Hi, im completely new to having fish as pets. Only last month I bought a 15ltr Baby BiOrb with the Moonlight addon. I added 3 small fish originally (terribly overcrowded I know, but I've learnt my lesson). Unfortunately one died off, and the other 2 were fine for quite some time.

However a fortnight ago I introduced a new Black Moor (Bruce) into the tank, bringing the number back up to 3. My oranda (Bubbles) took sick and died a week later.... its strange, but he basically floated upright at the top of the tank, just breathing. The only activity he showed was when I put my hand in to feed them (he would actually go crazy and swim about a good bit before returning to the same spot). Eventually he just died after a day or so of this behaviour =(

Whats wierd is that 3 days ago my fantail Pearl began to exhibit the exact same behaviour, and now shes dead too (exact same manner of death as Bubbles).

Now im worried that something is wrong with the tank. Ive treated them for white spot twice (when the parasite was clearly visible on their scales) and I took 2 complete water tests; one 2 days ago and one just there now.

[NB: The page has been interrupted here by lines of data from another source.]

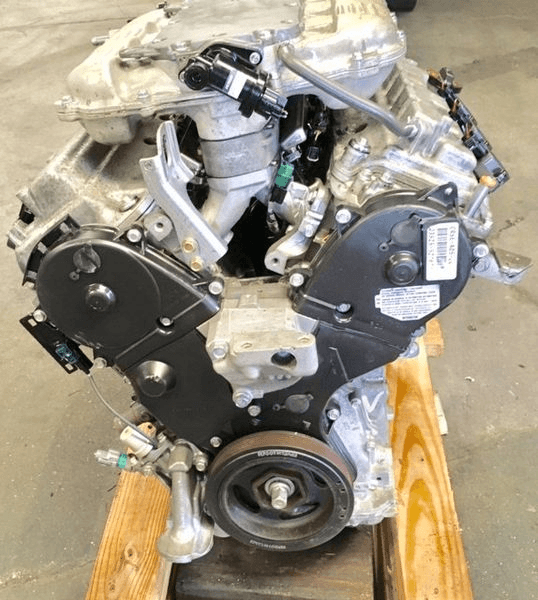 2014 HONDA RIDGELINE Used Engine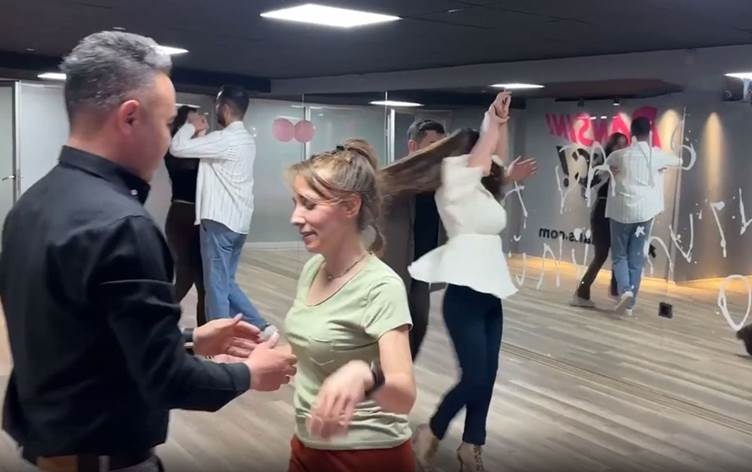 WAN - Roja Dansê ya Cîhanî hat pîrozkirin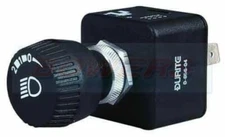 Universal 3 Position Off/Side/Head Rotary Car Headlight Headlamp Switch 12v 29A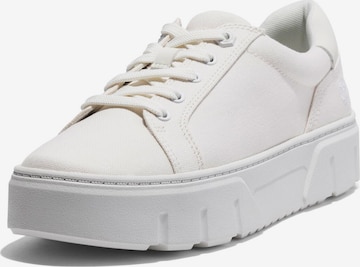 TIMBERLAND Sneaker low in Weiß: Vorderseite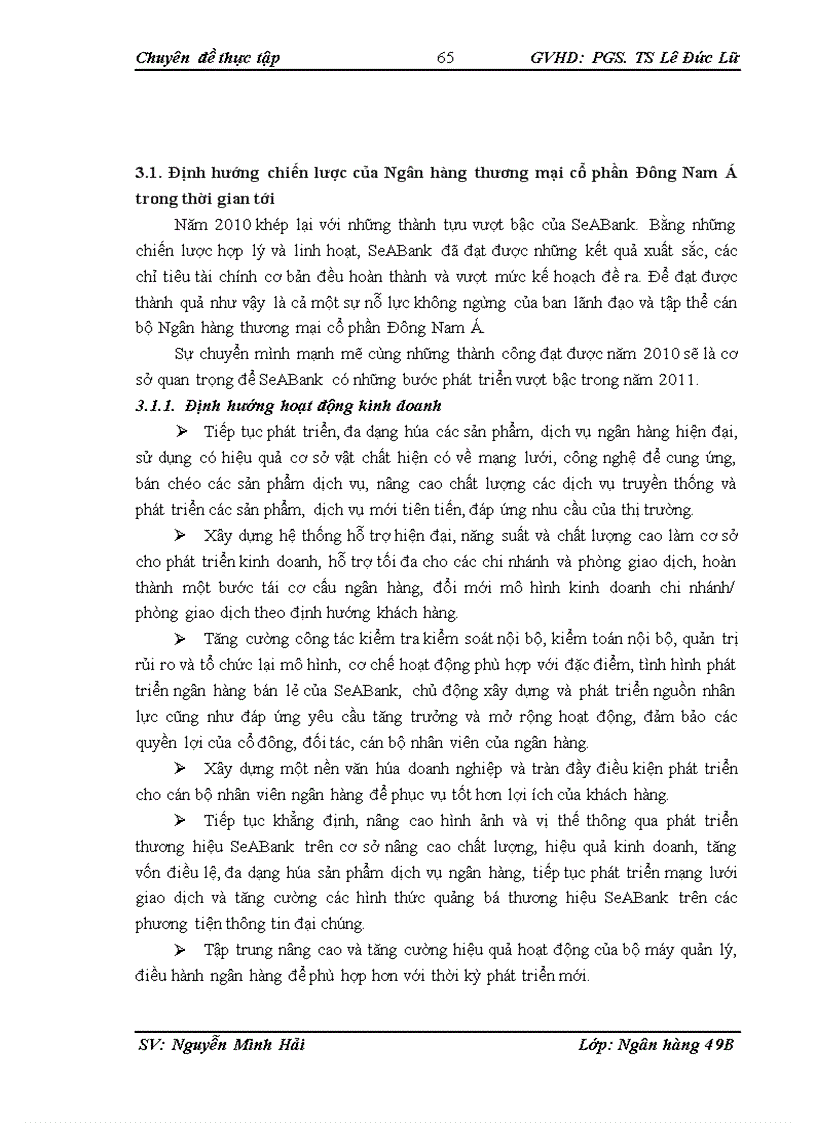 image for page Hoàn thiện công tác xếp hạng tín dụng khách hàng doanh nghiệp tại Ngân hàng thương mại cổ phần Đông Nam Á
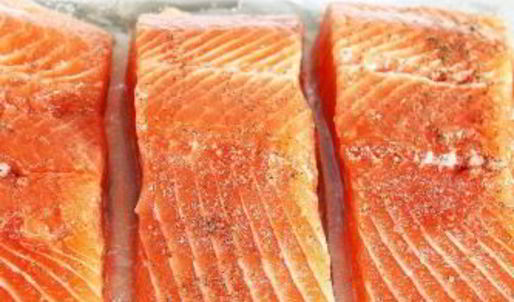 форель под сливочным соусом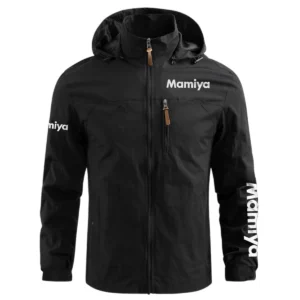 Special Release Mamiya Photography Videography Waterproof Outdoor Jacket BLPT280924A1MAM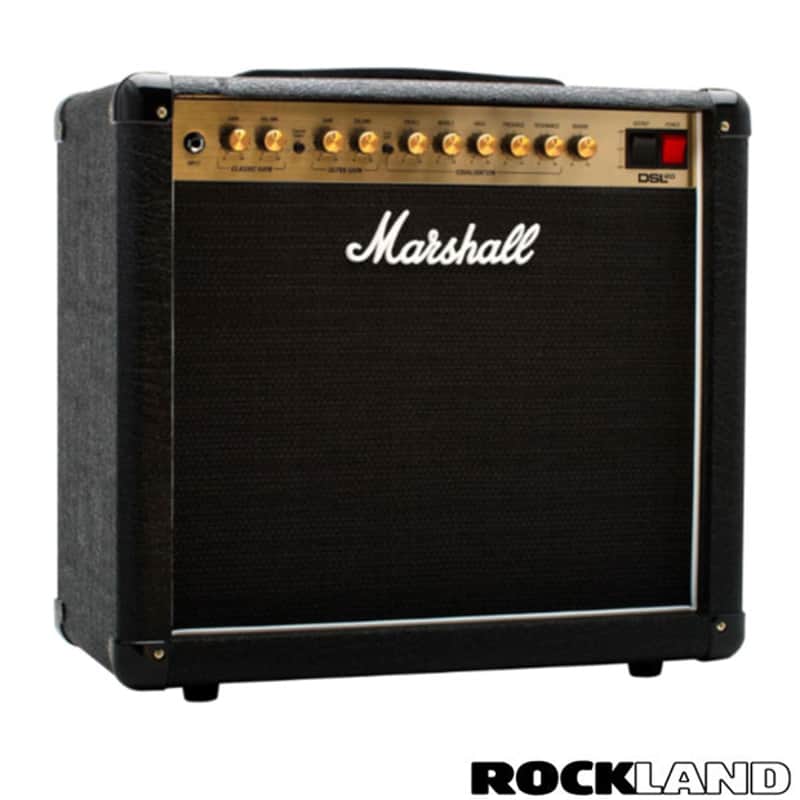 Marshall DSL20CR Combo image 1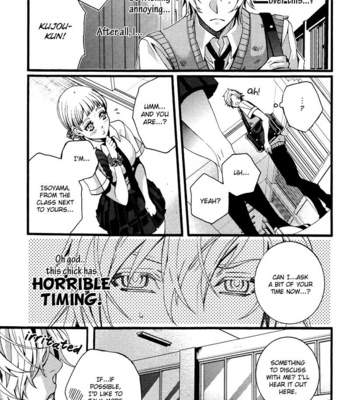 [SHIINA Akino] Koi Nante Shinai! [Eng] – Gay Manga sex 126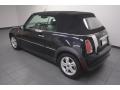 2006 Astro Black Metallic Mini Cooper Convertible  photo #6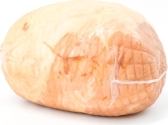 Boerenachterham speciaal half (zonder zwoerd)
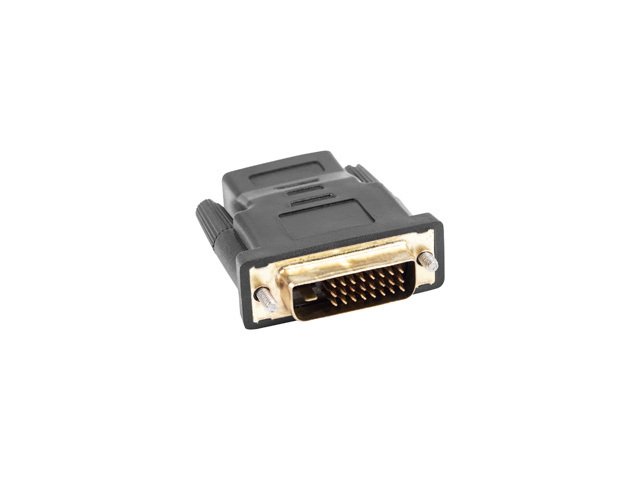 ADAPTADOR LANBERG HDMI HEMBRA/ DVI-D MACHO 24+1 SINGLE LINK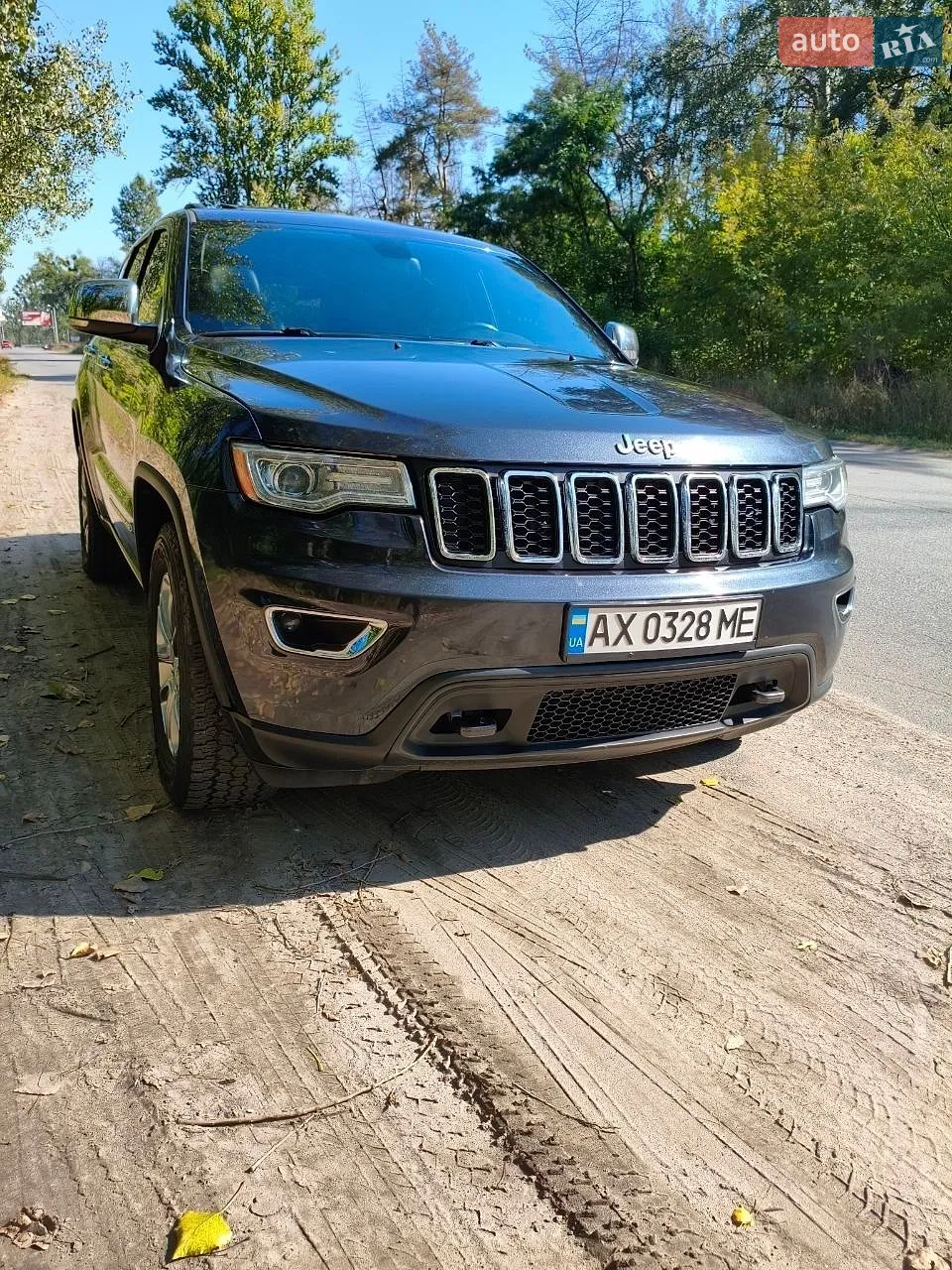 Jeep Grand Cherokee, 2016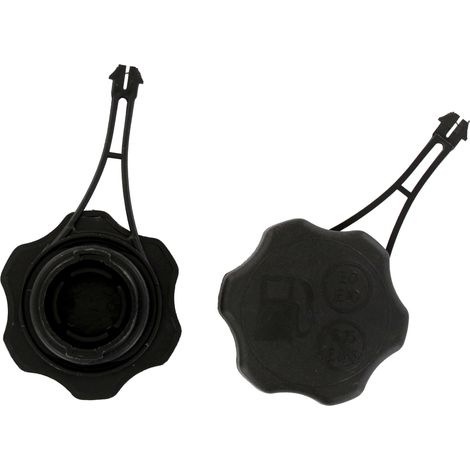 Tankdeckel für Kraftstofftank, passend für Briggs & Stratton. Ersetzt Original 594061, 84004416.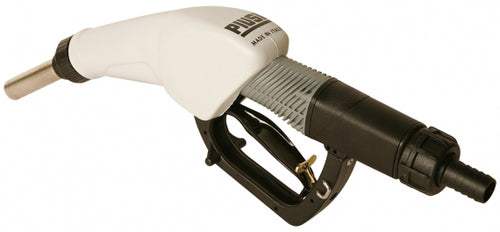 LiquiDynamics 100396 Automatic Shutoff Nozzle has 1” BSP Male Inlet - Empire Lube Equipment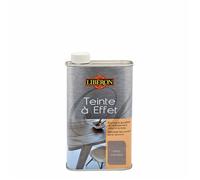 Libéron Teinte à effet pour bois, Effet cendré, 0,5L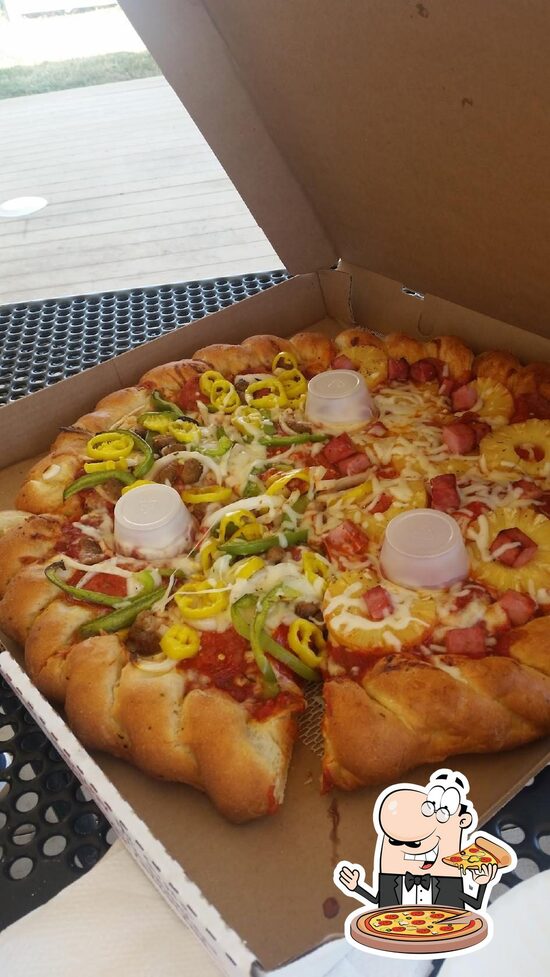 Campi's Pizza in Dunkirk Restaurant reviews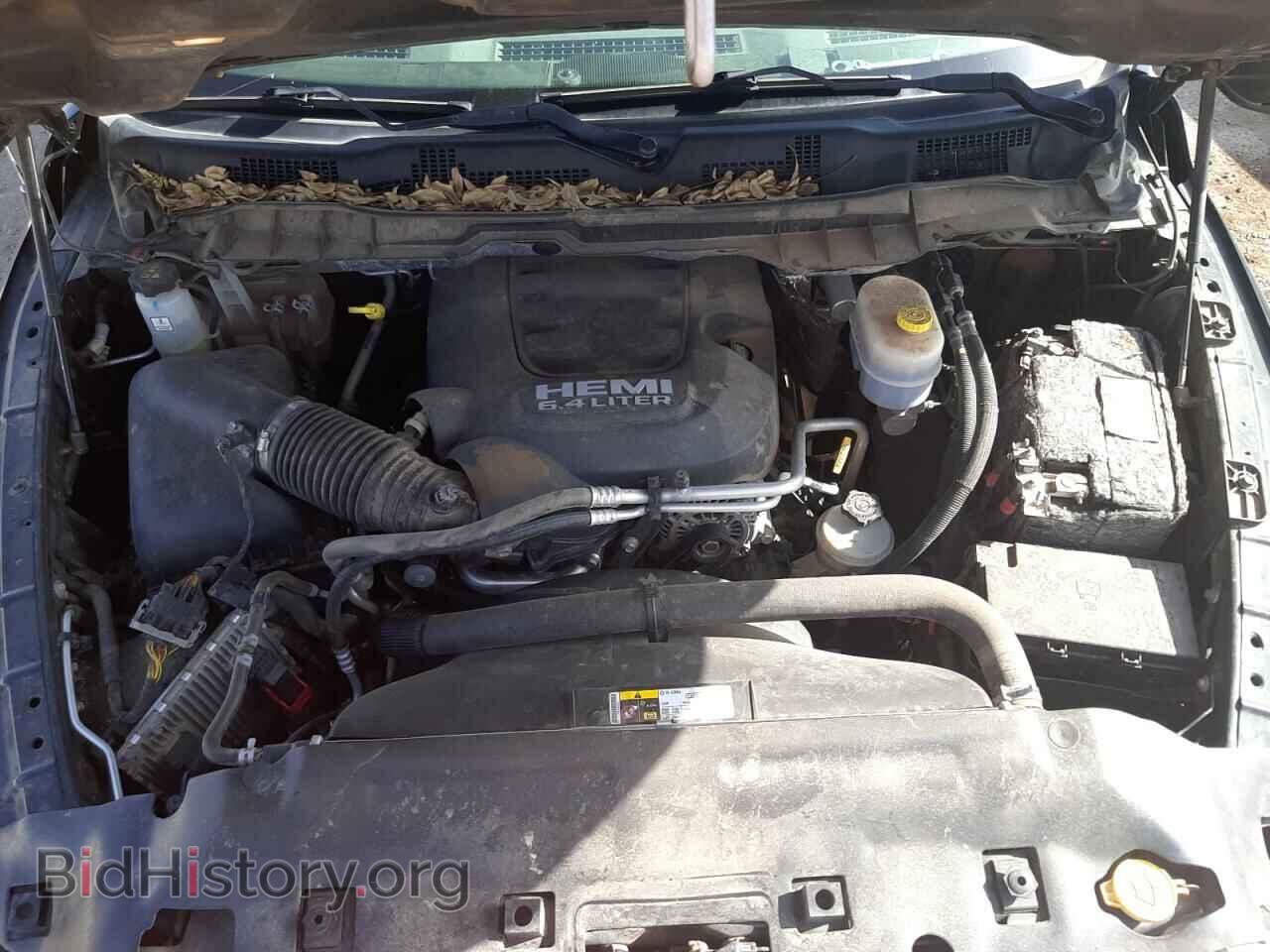 2015 RAM 2500 - VIN: 3C6UR5MJ0FG547658 - Фото 7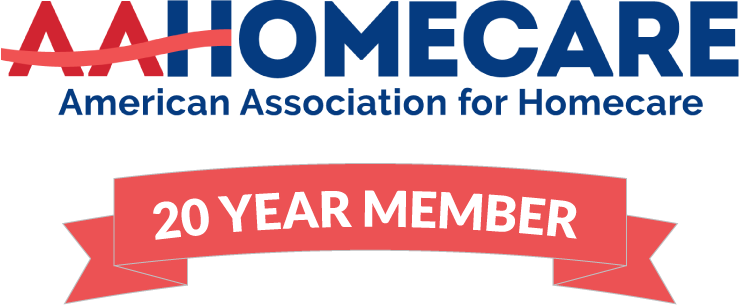 Gammie is a 20 Year Member of American Association for Homecare
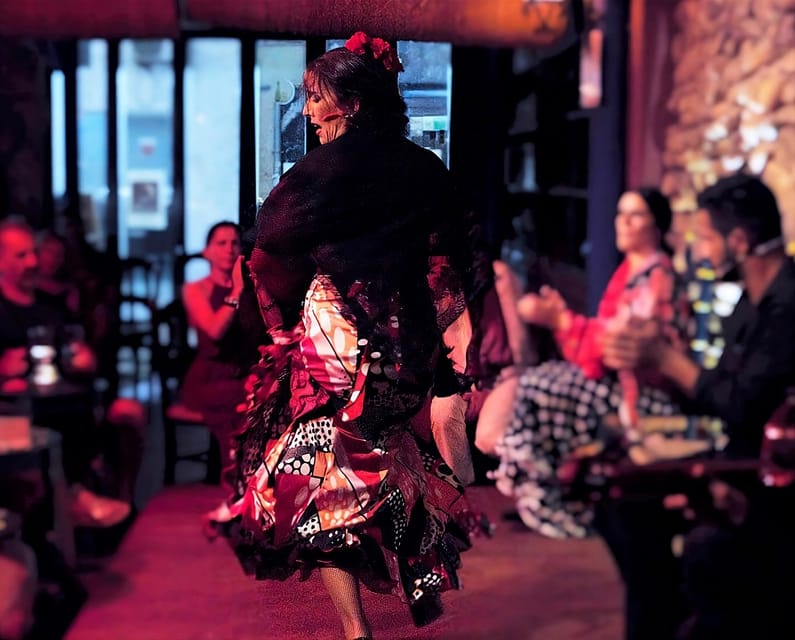 MALAGA: ULTIMATE FLAMENCO & TAPAS TOUR - Small plates at the Ultramarinos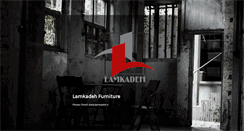 Desktop Screenshot of lamkadeh.com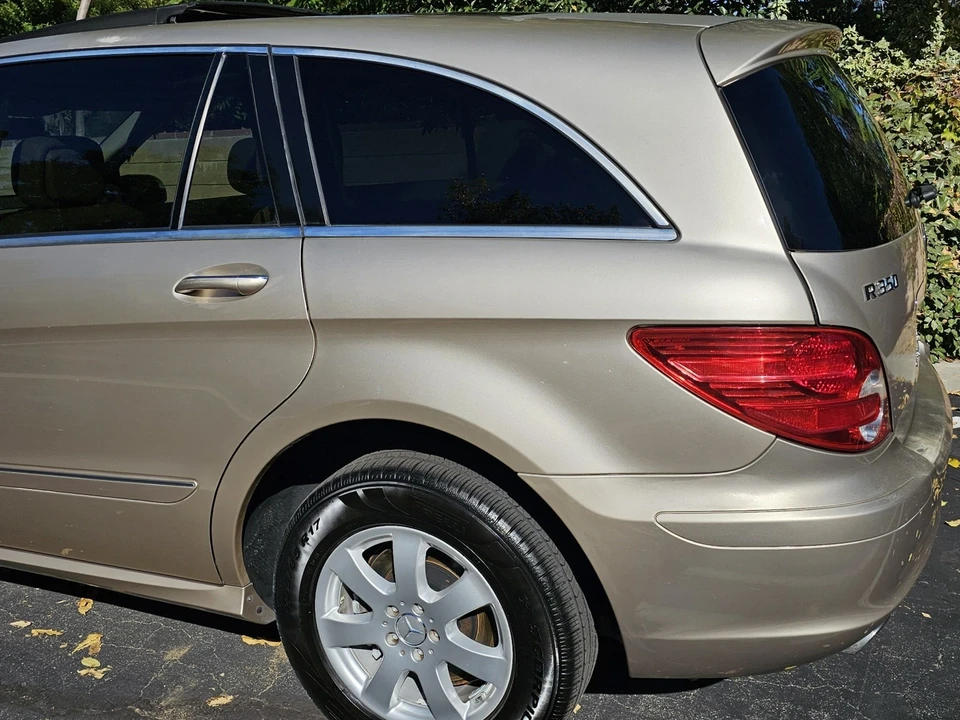 2007 Mercedes-Benz W251 R-Class - Image 12 of 21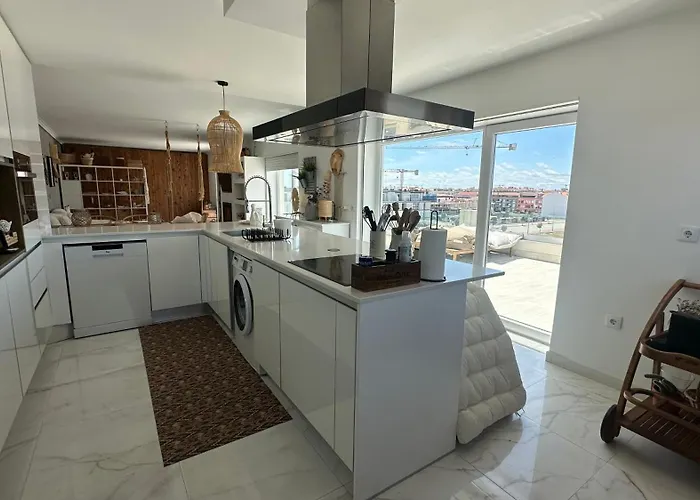 公寓 Da Barra Sweet *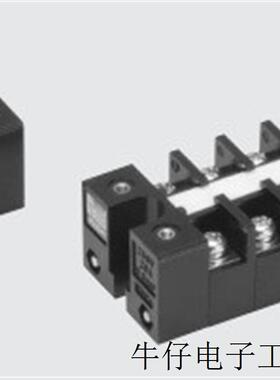 TS-207BK 8P日本端子台TS-207BK 6P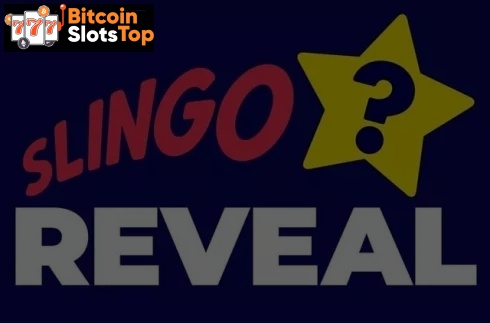 Slingo Reveal Bitcoin online slot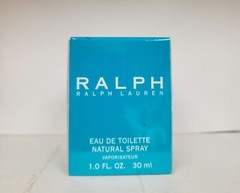 RALPH BY RALPH LAUREN WOMEN 1 OZ EDT SPRAY SEALED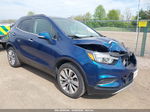 2019 Buick Encore Preferred Blue vin: KL4CJASB6KB921557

The results either way are the same:

PH - 7.5
Ammonia - 0ppm
Nitrite - 0ppm
Nitrate - roughly 20ppm

What could be causing the fish deaths?


----------



## snail (Aug 6, 2010)

I know what is wrong with your tank it's 15 liters. 15 ltrs is 4 gallons. That is way, way, way too small too keep one goldfish in. If you try to keep 3 in it they will die. It's not really your fault, I'm not sure it should even be legal to sell a tank like that.

I can't tell you exactly why your goldfish died. It could have been ammonia poisoning, lack of oxigen, a parasite or the meds themselves that did, probably some combination of those. In such a small tank things go bad very quickly which will kill the fish or cause stress and make them prone to parasites etc.

To keep the fish you have you need to buy a tank of at least 40 liters (bigger is better and a must if you are going to get more fish) and a good filter. A fancy goldfish can live for 20 years. If you are not able to get a bigger tank find a new home for him soon.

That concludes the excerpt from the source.